REQUIREMENT - Look below for the line holding "Over 350 Free" and the line holding "Groupe de parole proches de personnes trans". Repeat those two and everything between, exactly.

TASK MATERIAL -

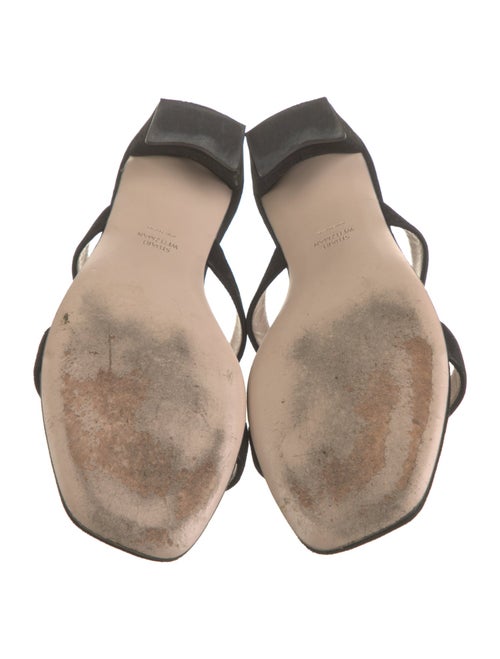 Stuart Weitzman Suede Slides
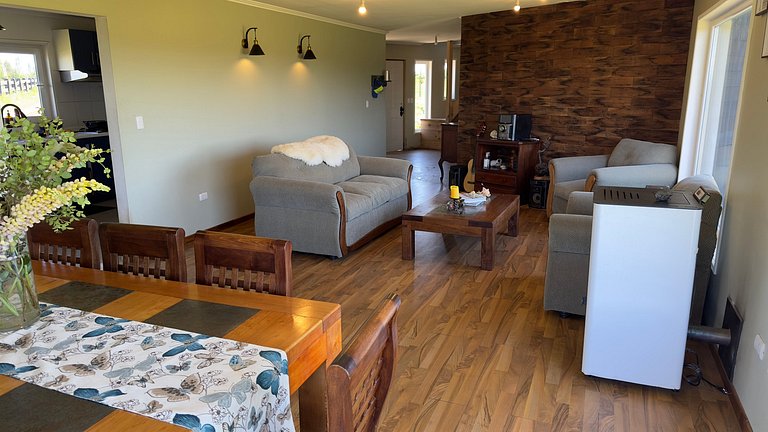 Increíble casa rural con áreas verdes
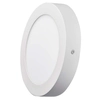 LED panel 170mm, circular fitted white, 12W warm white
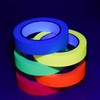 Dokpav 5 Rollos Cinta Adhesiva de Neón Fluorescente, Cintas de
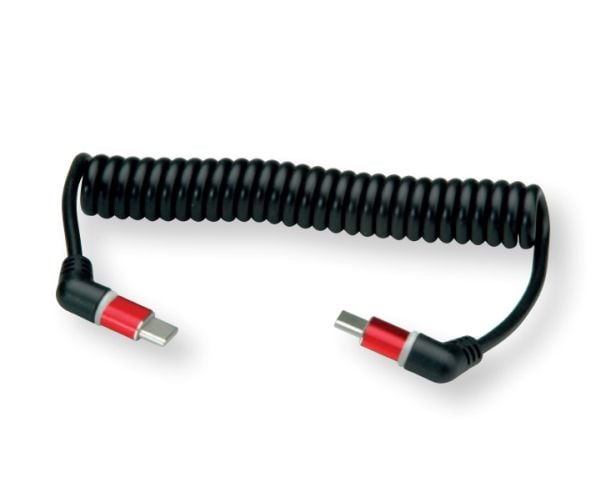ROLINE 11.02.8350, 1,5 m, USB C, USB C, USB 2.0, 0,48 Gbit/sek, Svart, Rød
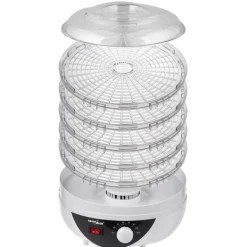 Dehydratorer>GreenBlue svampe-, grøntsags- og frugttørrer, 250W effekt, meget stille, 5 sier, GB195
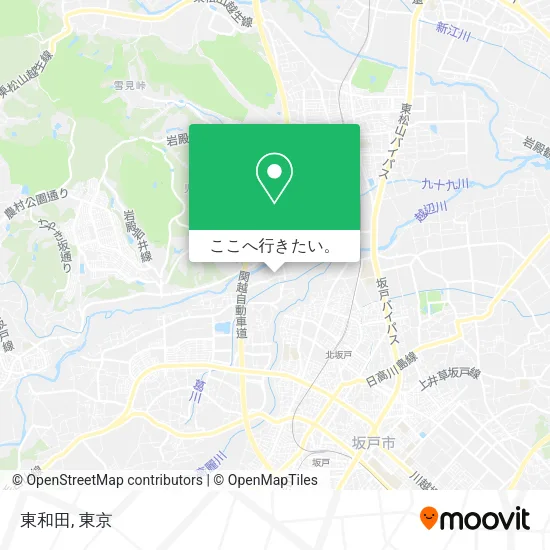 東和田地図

--

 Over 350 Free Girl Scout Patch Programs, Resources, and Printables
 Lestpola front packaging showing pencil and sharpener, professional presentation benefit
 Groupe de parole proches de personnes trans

* * *

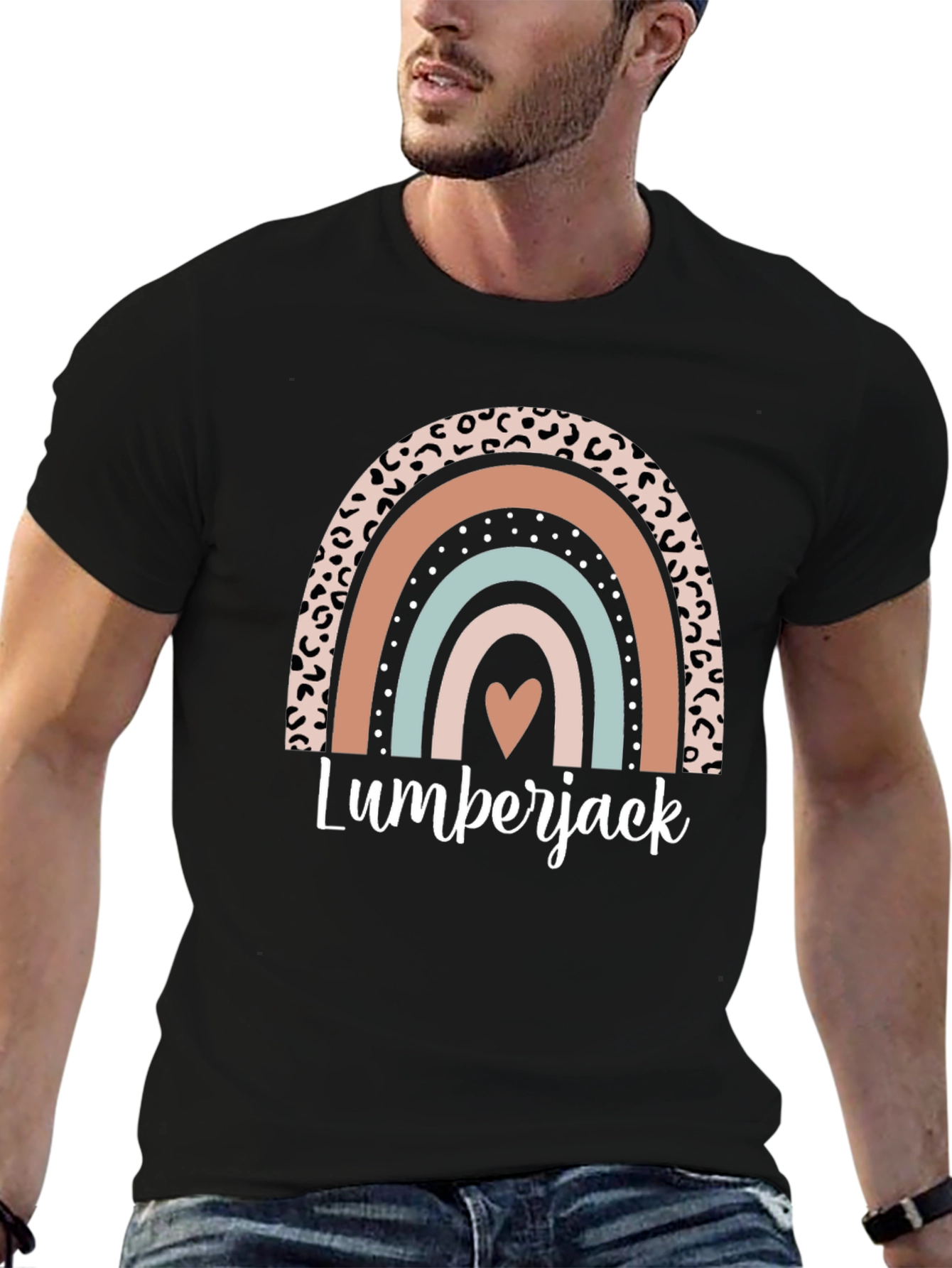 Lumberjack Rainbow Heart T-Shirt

OUTPUT OF THE EXERCISE -
 Over 350 Free Girl Scout Patch Programs, Resources, and Printables
 Lestpola front packaging showing pencil and sharpener, professional presentation benefit
 Groupe de parole proches de personnes trans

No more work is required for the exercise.